Una de las múltiples escenas del Belén del Príncipe del Palacio Real de Madrid. Fuente.
Esa exuberancia chocó frontalmente con el protestantismo. En el siglo XVI, muchas regiones de Europa destruyeron sus belenes por considerarlos idolatría. Los puritanos ingleses fueron especialmente severos. Sin embargo, al cruzar el Atlántico, esa hostilidad se fue suavizando. En América, el belén se refugió en las casas, convertido más en adorno que en objeto de culto.
Los moravos fundaron la ciudad de
Belén,
en Pensilvania, en 1741, y llevaron consigo sus escenas de la Natividad,
que incluían paisajes locales.

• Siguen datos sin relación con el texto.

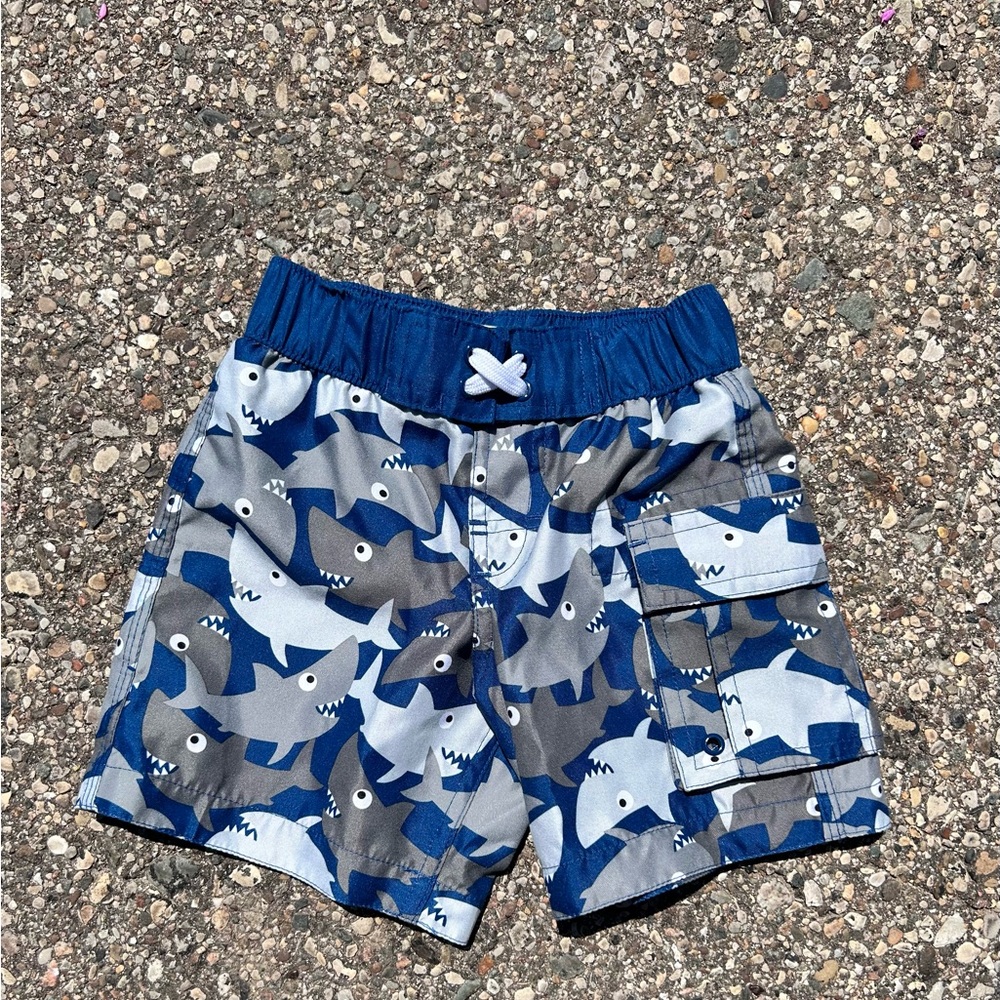 Wave Zone swim trunks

En Francia, durante la Revolución, los santones
provenzales sobrevivieron a escondidas cuando las iglesias cerraron. El
belén demostró una capacidad extraordinaria para adaptarse: podía ser
clandestino, doméstico, popular o sofisticado, según las circunstancias.
En el siglo XXI, el belén se ha
vuelto un campo de batalla simbólico. Su presencia en espacios públicos genera
debates, recursos judiciales y provocaciones creativas. Desde belenes
alternativos promovidos por iglesias paródicas hasta escenas donde conviven la
Sagrada Familia y personajes de la cultura pop. Incluso el
Vaticano sorprendió en 2020 con un belén futurista que muchos compararon
con ciencia ficción. La tradición, lejos de fosilizarse, sigue mutando.

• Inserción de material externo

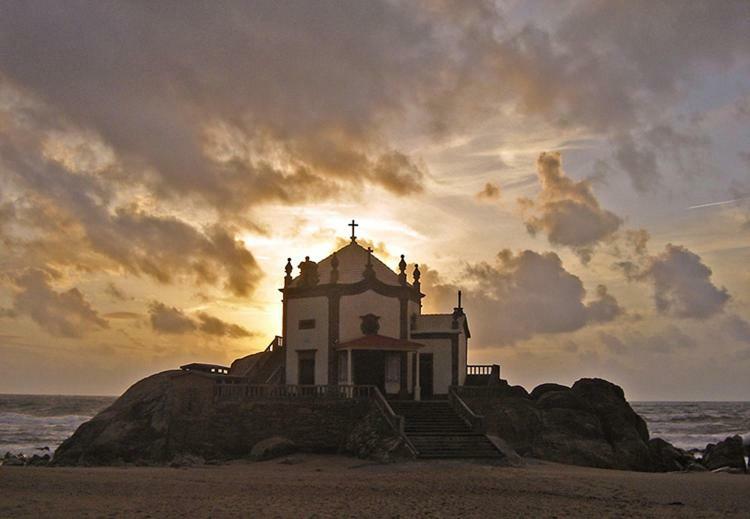 Oporto Beach Gulpilhares Exteriér fotografie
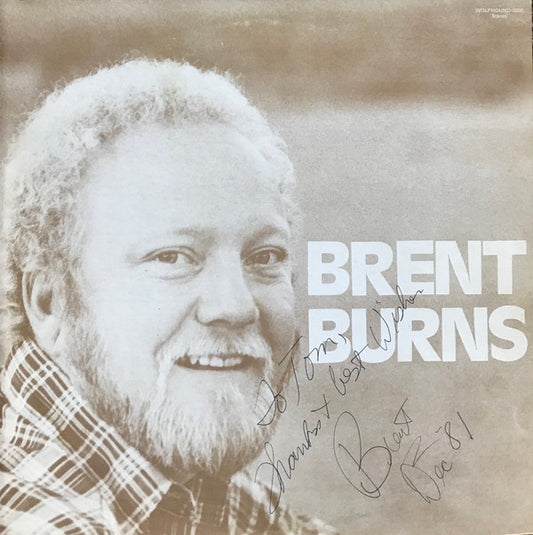 Brent Burns (3) : Brent Burns (LP, Album)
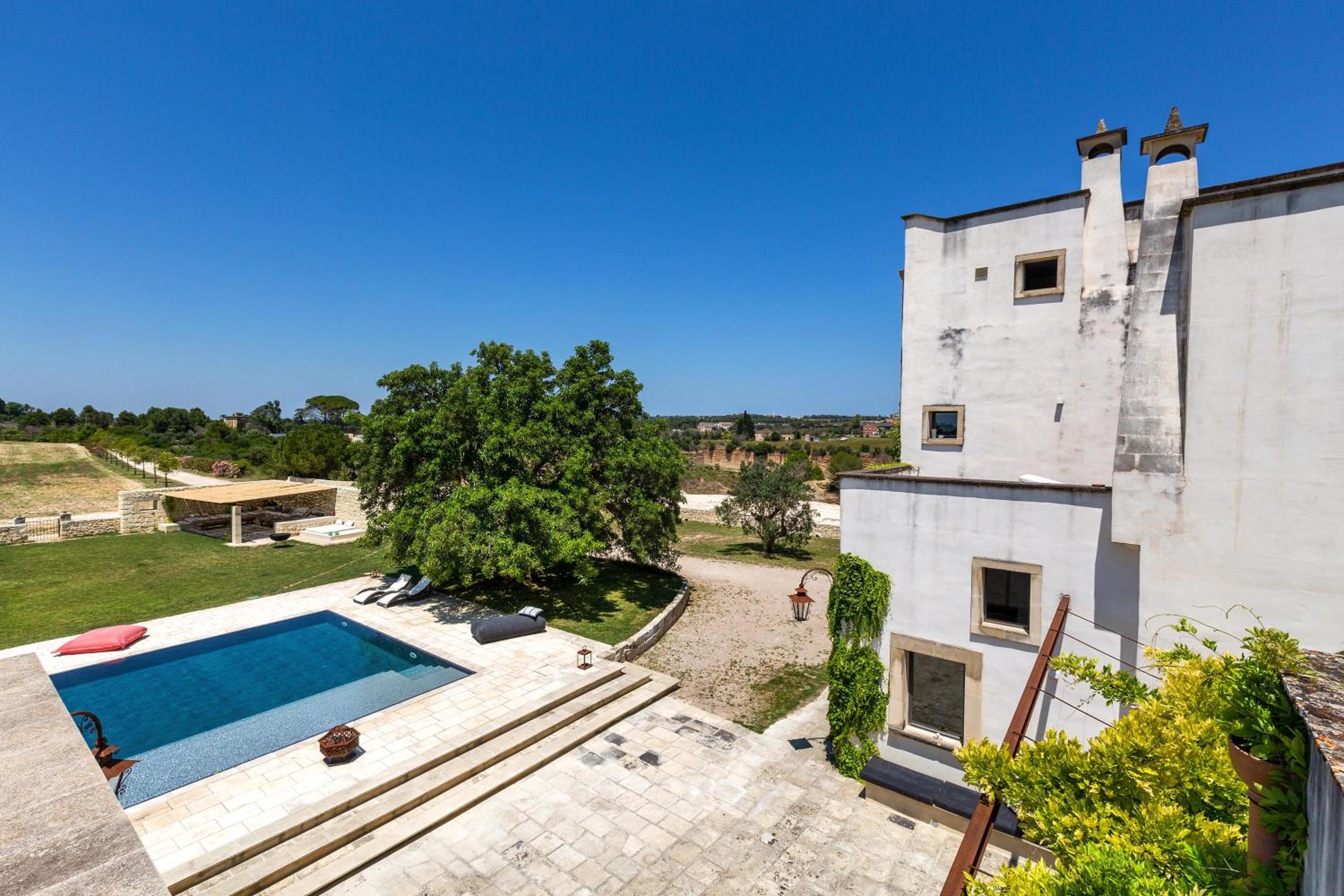 Casina del Bene by Perle di Puglia view 2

Y mientras tanto, en la Via San Gregorio Armeno de Nápoles, los artesanos continúan fabricando figuras nuevas cada año: futbolistas, políticos, pizzaiolos, celebridades. Entre ellos, el papa Francisco, que comparte nombre con el santo que hizo del belén un acto de cercanía. Nada parece fuera de lugar en ese pequeño universo.
El belén de 2020 en la Plaza de San Pedro, en el Vaticano. Foto de Vincenzo Pinto/AFP
Quizá ahí resida el secreto de su longevidad. El belén no es solo una escena del pasado; es una invitación. Permite a cada época, a cada cultura, colocarse junto al pesebre y mirarse en él. En miniatura, el mundo entero cabe alrededor de un niño indefenso. Y en ese gesto —tan simple, tan repetido— el cristianismo ha ido contando, sin palabras, su propia historia.